Hukum Memakai Pen dari Emas

 
Hukum Memakai Pen dari Emas

Memakai Pen dari Emas

Pertanyaan :

Bagaimana hukumnya memakai pen emas? Haram ataukah tidak?

Jawaban :

Hukum memakai pen emas adalah haram! Karena termasuk larangan memakai bejana dari emas, seperti tempat celak (mirwad), demikian ini menurut mazhab Syafi’i, tetapi dalam mazhab Hanafi, terdapat pendapat yang memperbolehkannya, oleh karenanya, para pemakai supaya mengikuti pendapat tersebut (mazhab Hanafi) supaya terhindar dari hukum haram.

Keterangan, dalam kitab:

  1. Fath al-Qarib dan Hasyiyahal-Bajuri[1]

(وَلاَ يَجُوْزُ) فِيْ غَيْرِ ضَرُوْرَةٍ لِرَجُلٍ وَامْرَأَةٍ (اِسْتِعْمَالُ) شَيْءٍ مِنْ (أَوَانِي الذَّهَبِ وَالْفِضَّةِ) وَعِنْدَ الْحَنَفِيَّةِ قَوْلٌ بِجَوَازِ ظُرُوْفِ الْقَهْوَةِ. وَإِنْ كَانَ الْمُعْتَمَدُ عِنْدَهُمْ الْحُرْمَةَ. فَيَنْبَغِي لِمَنْ ابْتُلِيَ بِشَيْءٍ مِنْ ذَلِكَ كَمَا يَقَعُ كَثِيْرًا تَقْلِيْدُ مَا تَقَدَّمَ لِيَتَخَلَّصَ مِنَ الْحُرْمَةِ. (قَوْلُهُ فِيْ غَيْرِ ضَرُوْرَةٍ)     فَإِنْ دَعَتْ إِلَى اِسْتِعْمَالِ ذَلِكَ كَمِرْوَدٍ بِكَسْرِ الْمِيْمِ مِنْ ذَهَبٍ أَوْ فِضَّةٍ يُكْتَحَلُ بِهِ لِجَلاَءِ عَيْنِهِ  كَأَنْ أَخْبَرَهُ طَبِيْبٌ عَدْلُ رِوَايَةٍ بِأَنَّ عَيْنَهُ لاَ تَنْجَلِي جَازَ اِسْتِعْمَالُهُ.
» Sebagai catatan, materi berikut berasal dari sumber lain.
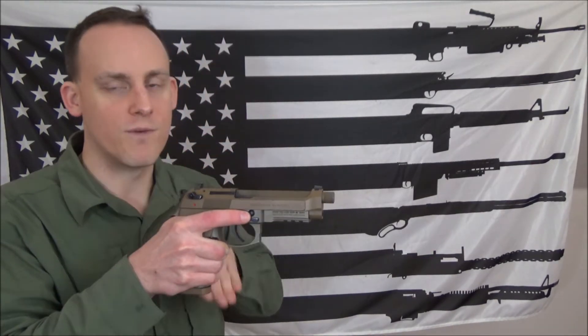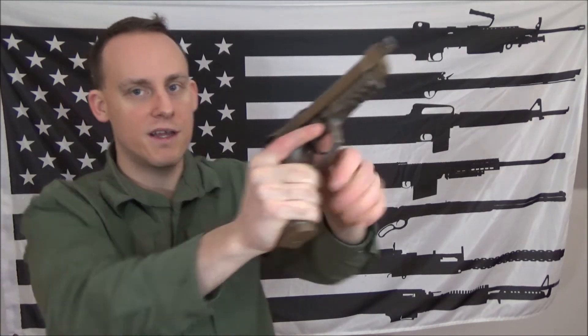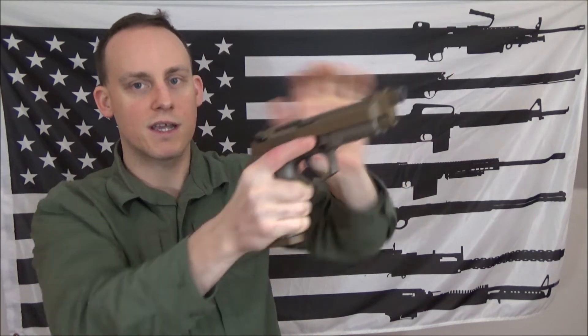The second malfunction is the stovepipe — failure to eject. You might have an inline stovepipe where the round is stuck facing forward or backward, or a classic stovepipe sticking up or down. If this happens, the magazine is seated so no need to tap. I relieve the slide just enough with my finger on the slide, evaluate it, then fire. Because I have to slow down to eject and get back on target, my time is 2.9 seconds after three tries.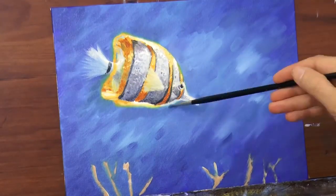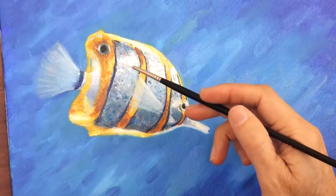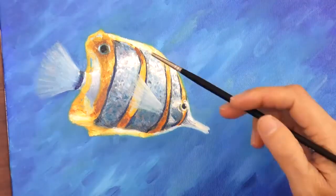I like how it is looking so far. It also has a big black over it without it smearing. OK, let's enhance those lights with the titanium white.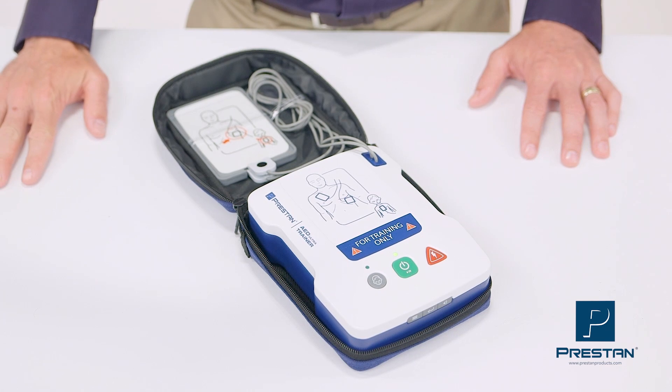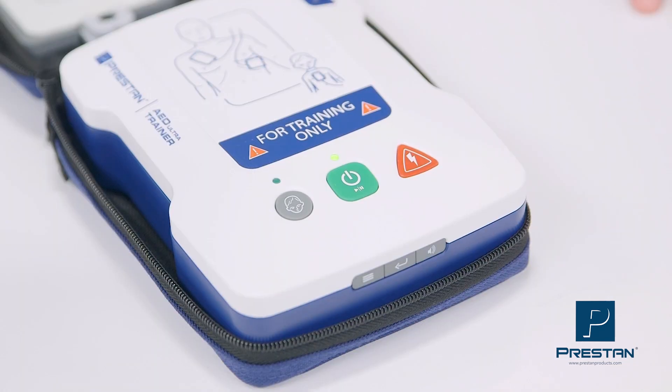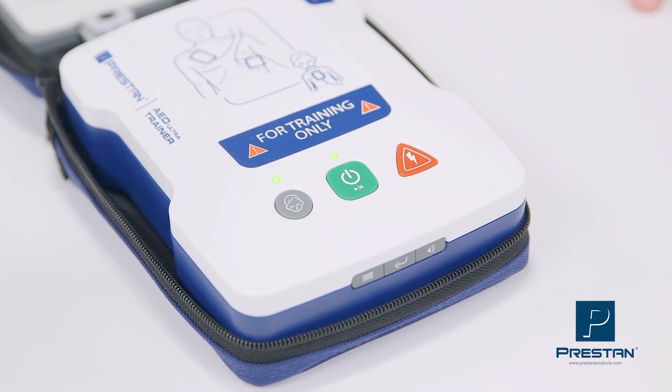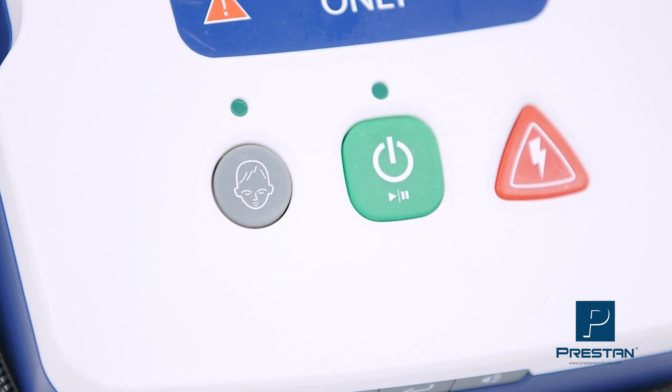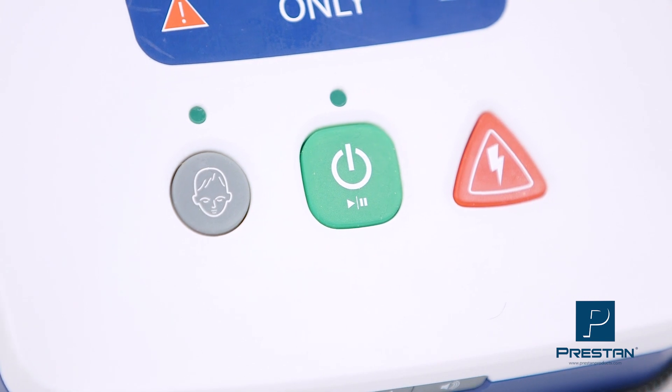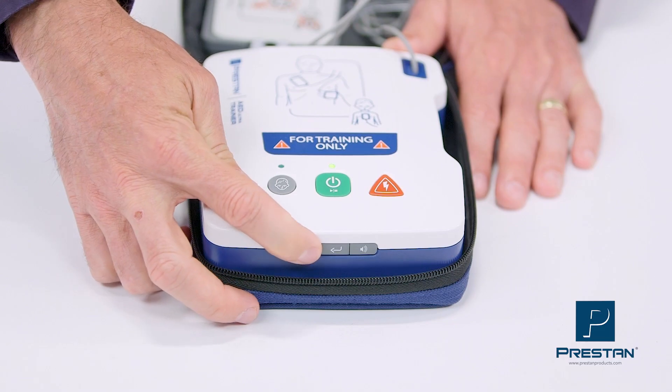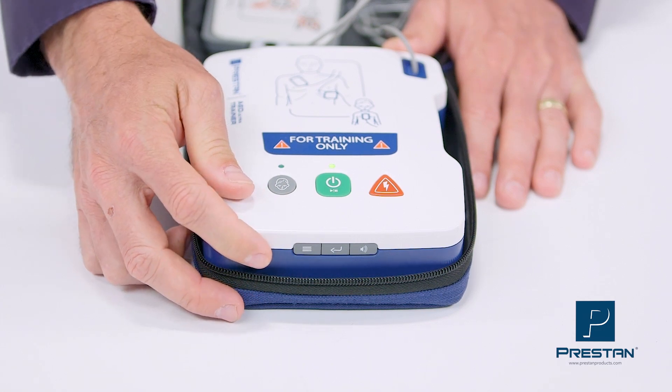The Preston AED Ultra Trainer is the first and only universal trainer to have a child button. If the patient is a child, press the child button, which best simulates modern live AEDs, giving your students a realistic training experience.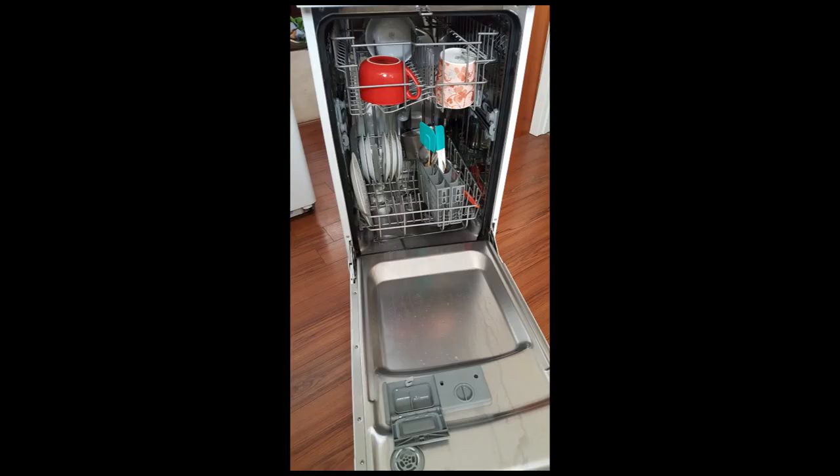It has a stainless steel tub and two racks for loading your dishes. You can get a good day's dishes in there without any problem. It has two spray bars: one in the bottom hitting the bottom tray, and one in the middle that sprays the secondary tray. You don't often find that in a portable dishwasher.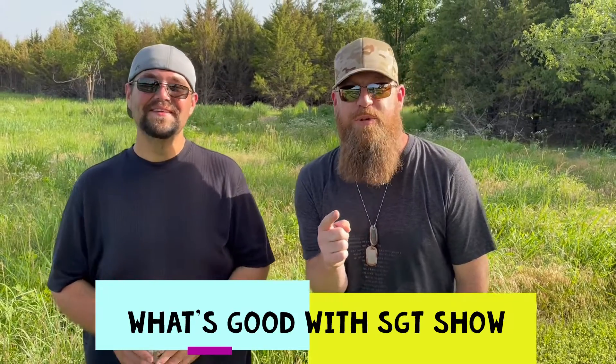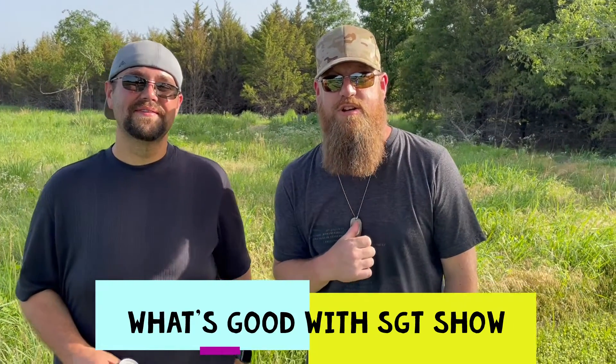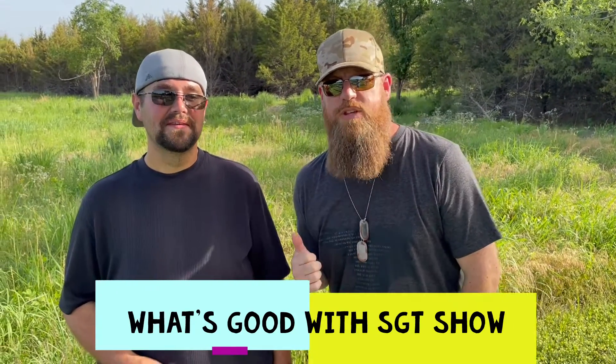Hey everybody, welcome to What's Good with Sergeant Show. I'm your host Sergeant Show. This guy is always behind the camera but today he's in front of the camera — Tiny J, what's up? We're doing a beer review, that's what's going on. We drink every beer in the universe and rate them on a scale of 1 to 12 — it's the 12-pack scale.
Dan tidak diperbolehkan di luar keadaan darurat bagi laki-laki dan perempuan memakai bejana dari emas dan perak. Di kalangan mazhab Hanafi terdapat pendapat yang memperbolehkan penggunaan tempat kopi (yang terbuat dari emas dan perak), walaupun pendapat yang lebih banyak dijadikan pedoman (mutamad) di kalangan mereka adalah haram.
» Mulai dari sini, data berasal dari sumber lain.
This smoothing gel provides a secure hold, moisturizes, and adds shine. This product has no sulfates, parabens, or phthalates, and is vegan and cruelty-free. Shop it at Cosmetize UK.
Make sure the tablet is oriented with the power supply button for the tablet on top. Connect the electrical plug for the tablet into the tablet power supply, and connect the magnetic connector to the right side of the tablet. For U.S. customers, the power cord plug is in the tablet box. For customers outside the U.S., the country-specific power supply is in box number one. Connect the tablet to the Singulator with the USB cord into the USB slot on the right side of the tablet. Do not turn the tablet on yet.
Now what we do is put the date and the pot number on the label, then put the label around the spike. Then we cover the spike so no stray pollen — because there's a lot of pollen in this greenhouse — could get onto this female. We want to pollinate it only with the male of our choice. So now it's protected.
Maka bagi mereka yang diuji harus mempergunakan bejana dari emas dan perak tersebut sebagaimana yang banyak terjadi, maka sebaiknya ia harus mengikuti (pendapat mazhab Hanafi) agar terhindar dari haram. (Maksud tanpa dharurat), jika menggunakan bejana emas dan perak seperti mirwad itu suatu keharusan (dharurat) sebagai alat bercelak, agar mata menjadi terang menurut keterangan dokter yang ‘adl riwayah (adil dalam periwayatan), maka boleh menggunakannya.
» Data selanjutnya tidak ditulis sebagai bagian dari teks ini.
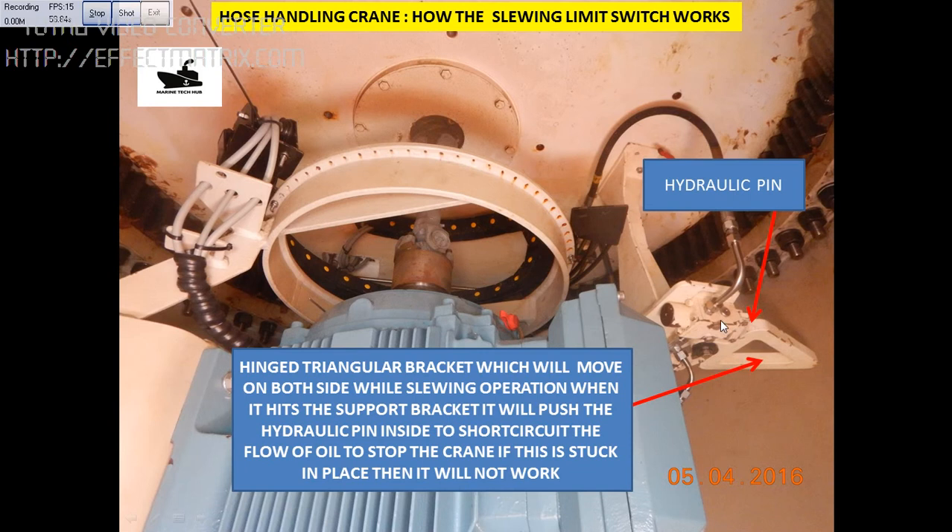In this way, the slowing operation will stop. If this pin is stuck, then the slowing operation will not happen. So you need to release this pin.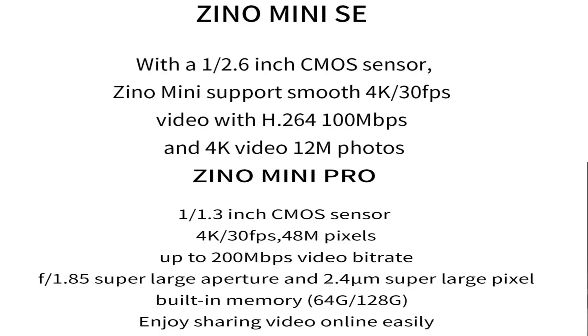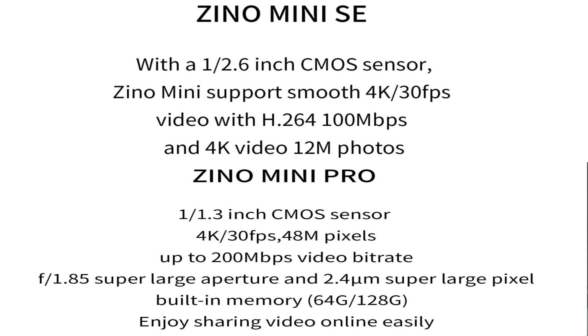On the camera, there is a difference in bitrate — basically half: 200 down to 100 Mbps. That's still more than good enough to get some nice smooth footage. The SE is only a 12-megapixel camera, while the Pro is said to be 48 megapixels, which is great if it truly delivers. You also don't get any HDR on the SE.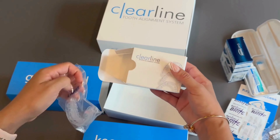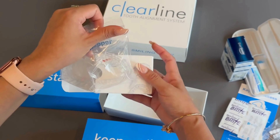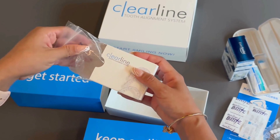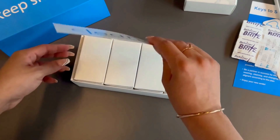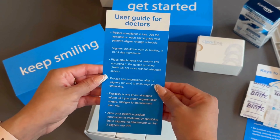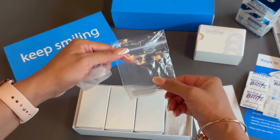This box contains both upper and lower aligners. Inside the Keep Smiling box, you will find instructions for the doctor, as well as the patient's models and stents to help with attachment placement.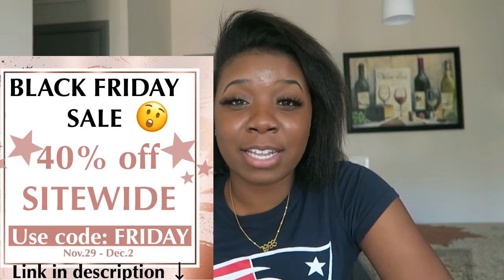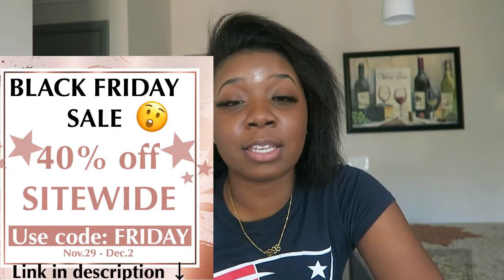If you guys have ever tried these products, make sure y'all let me know your experience in the comments down below. Also, my website is officially live — stylisticbeauty.com. I'm having a Black Friday sale starting November 29th and ending December 2nd with 40% off, so make sure y'all shop. I hope you guys enjoyed this video and I will see y'all in my next one — bye!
[1]   Ibn Qasim al-Ghazzi, Fath al-Qarib dan Ibrahim al-Bajuri, Hasyiyah al-Bajuri, (Singapura: Sulaiman Mar’i, t. th.), Jilid I, h. 40.

 

Sumber: Ahkamul Fuqaha no. 34

KEPUTUSAN MUKTAMAR NAHDLATUL ULAMA KE-2

Di Surabaya Pada Tanggal 12 Rabiuts Tsani 1346 H./9 Oktober 1927 M.